++++ Given records ++++

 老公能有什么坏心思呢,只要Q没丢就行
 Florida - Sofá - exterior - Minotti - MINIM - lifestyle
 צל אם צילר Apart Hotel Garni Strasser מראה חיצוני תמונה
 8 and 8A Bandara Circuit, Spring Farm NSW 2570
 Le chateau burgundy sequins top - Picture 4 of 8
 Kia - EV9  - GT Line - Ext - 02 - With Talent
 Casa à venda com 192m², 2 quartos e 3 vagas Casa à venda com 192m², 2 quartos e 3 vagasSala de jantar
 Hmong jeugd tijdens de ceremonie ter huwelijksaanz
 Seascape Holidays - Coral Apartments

++++

## Task objective
Copy verbatim the span of lines that begins with the line holding "Le chateau burgundy" and ends at the last line of the records.

## Expected answer
 Le chateau burgundy sequins top - Picture 4 of 8
 Kia - EV9  - GT Line - Ext - 02 - With Talent
 Casa à venda com 192m², 2 quartos e 3 vagas Casa à venda com 192m², 2 quartos e 3 vagasSala de jantar
 Hmong jeugd tijdens de ceremonie ter huwelijksaanz
 Seascape Holidays - Coral Apartments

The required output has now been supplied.